Il gioco di C’è ancora domani è scoperto, è chiaro, ed è efficace: è impossibile, per chi guarda, scappare. Perché ci porta indietro a un’epoca, gli anni Quaranta, dove il maschilismo e il patriarcato erano evidenti e accettati. Ti fa inorridire, e poi pensare “ma a quell’epoca era normale, era ottant’anni fa”. E poi ti fa pensare a oggi, e dire “ma davvero è diverso? Davvero le cose non sono cambiate”. È diverso, le cose sono cambiate ma non abbastanza.

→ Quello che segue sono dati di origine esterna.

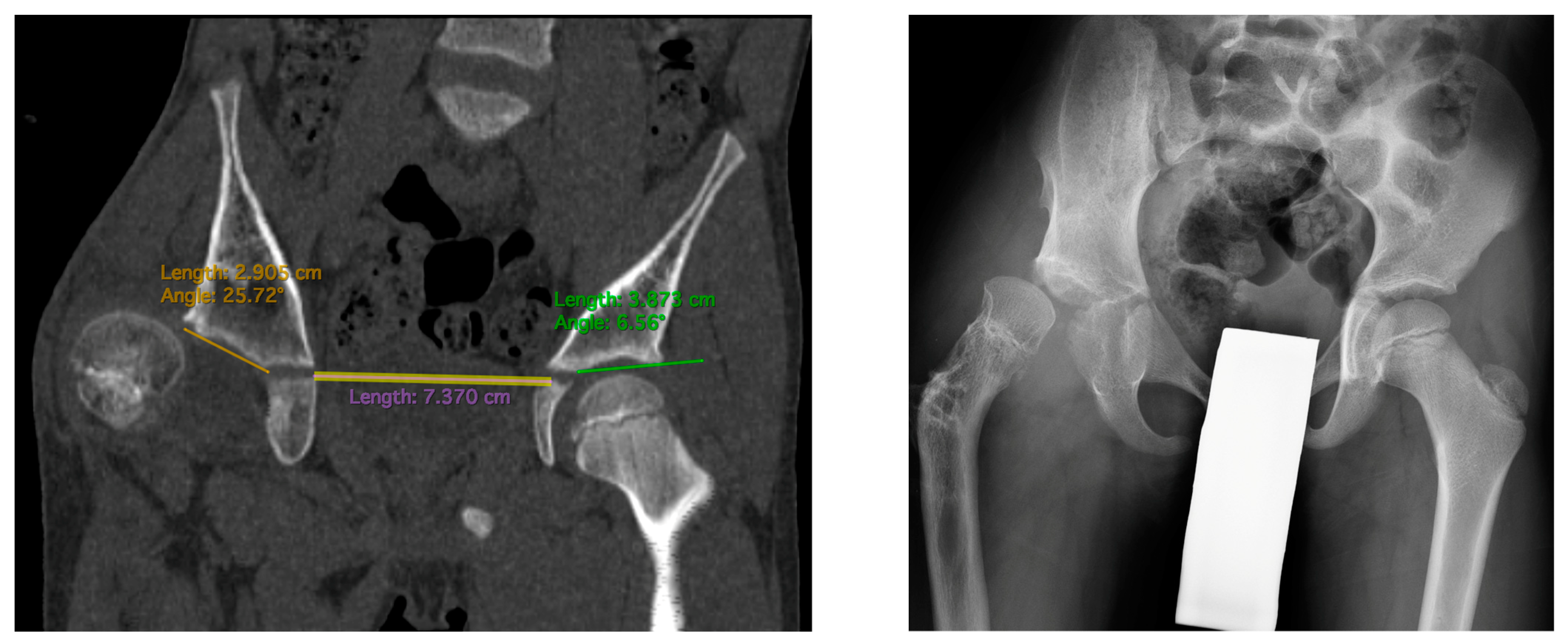 Children 11 00500 g003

In alcuni luoghi, in alcune situazioni, a volte anche velatamente, la discriminazione c’è ancora tutta.
Ma quello che non è cambiato è ancora la violenza domestica, il maschilismo tossico, e i dati sul femminicidio e le violenze parlano chiaro, ed è solo la punta dell’iceberg. Il mondo si è evoluto, ma il retaggio è qualcosa di difficile da scardinare dalla cultura. Paola Cortellesi è bravissima a raccontarci anche la violenza, sublimandola in una sorta di balletto da musical, sulle note della famosa Nessuno, canzone che fu portata al successo da Mina, astraendo così la scena dalla brutalità che contiene, rendendola una sorta di rituale, qualcosa di ordinario. Ma facendoci arrivare il disgusto forte e chiaro.

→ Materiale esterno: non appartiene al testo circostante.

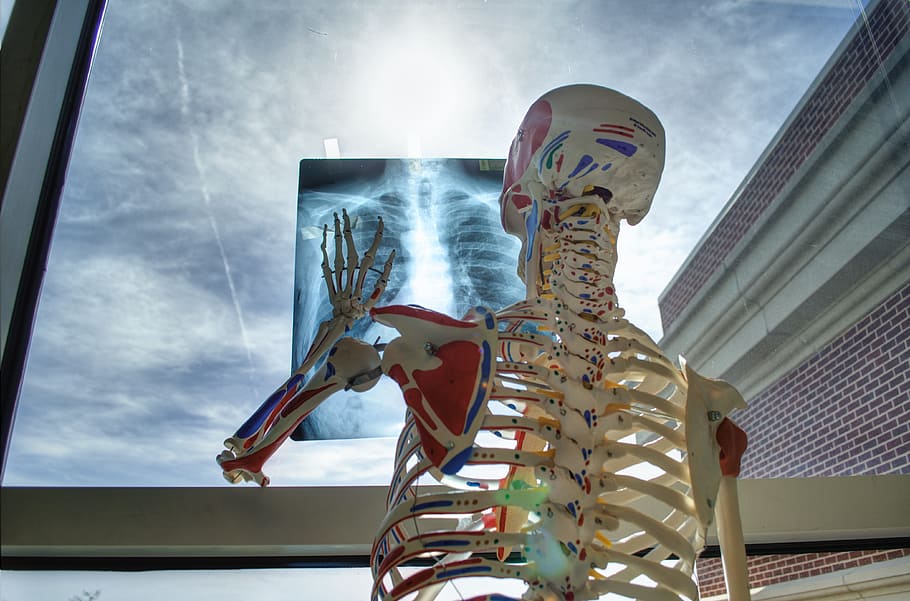 humano, esqueleto, tenencia, papel de rayos x, medicina, tecnología, herramientas, rayos x, cielo, vista de ángulo bajo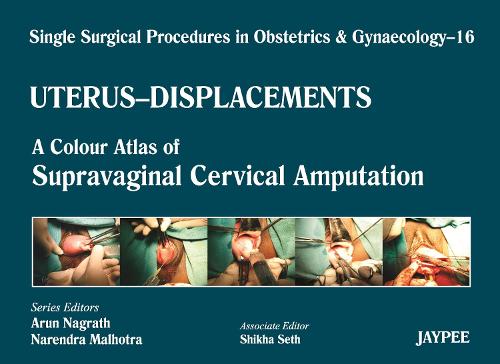 Paper book «Single Surgical Procedures in Obstetrics and Gynaecology - Volume 16 - UTERUS - DISPLACEMENTS: A Colour Atlas of Supravaginal Cervical Amputation (Nadkarni’s)», authors Arun Nagrath, Narendra Malhotra, Shikha Seth - фото №1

Questa sequenza è una sola delle tante perle di regia di Paola Cortellesi, che, come detto, non si appiattisce sull’immaginario del Neorealismo per raccontare un’epoca precisa, ma la arricchisce di vari virtuosismi. Il sogno/flashback che racconta l’innamoramento tra lei e Ivano, avvenuto una ventina di anni prima, ci porta negli anni Venti, e quindi è raccontato con gli stilemi del cinema muto di quel periodo. Ma ci sorprende ancora con altri anacronismi musicali, con la musica rock, quasi punk che irrompe sullo schermo in alcuni momenti (le camminate, le corse) e con musica cantautorale che all’epoca non c’era: Fabio Concato, Lucio Dalla e Daniele Silvestri, la cui A bocca chiusa accompagna la sequenza finale, la più significativa del film, in cui per un attimo la recitazione si lega alla musica. È quel volo che aspettavamo. Ma più in alto di quello che potevamo immaginare. Lo vedrete.

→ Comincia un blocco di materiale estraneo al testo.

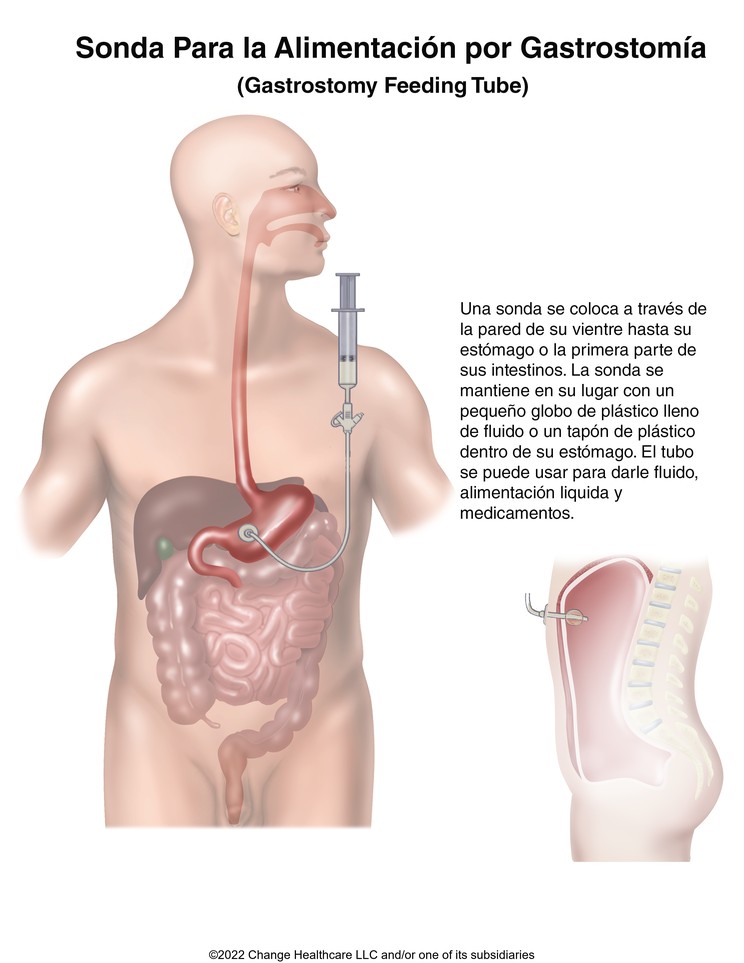 Gastrostomy Feeding Tube: Illustration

E vedrete anche attori iconici del cinema italiano di oggi diventare delle figure d’altri tempi, mimetizzandosi in quei personaggi, eppure portando in essi anche la loro modernità, l’attualità del discorso. Così la depressione che abbiamo visto tante volte in Valerio Mastandrea qui sfocia in una frustrazione violenta. E quella mimica facciale, quelle microespressioni di Paola Cortellesi che amiamo fin dalle sue prime apparizioni a Mai Dire Gol qui prendono una venatura malinconia e dimessa. Emanuela Fanelli si cala alla perfezione nel ruolo della popolana romana, tra ironia trasteverina e affidabilità da amica vera. Ma è bravissima anche la giovane Romana Maggiora Vergano, volto promettente che vorremmo vedere ancora spesso sui nostri schermi, che incarna una consapevolezza femminile nuova. Ma la sua storia d’amore è anche il sintomo che il patriarcato non cambia. E nelle tre generazioni che vediamo nel film il retaggio è lo stesso. Ma cambiare si può. E personaggi come la Delia di Paola Cortellesi offre un riscatto alle tante donne che hanno costruito il tessuto sociale di questo Paese e sono sempre state considerate delle nullità. Anche da loro stesse.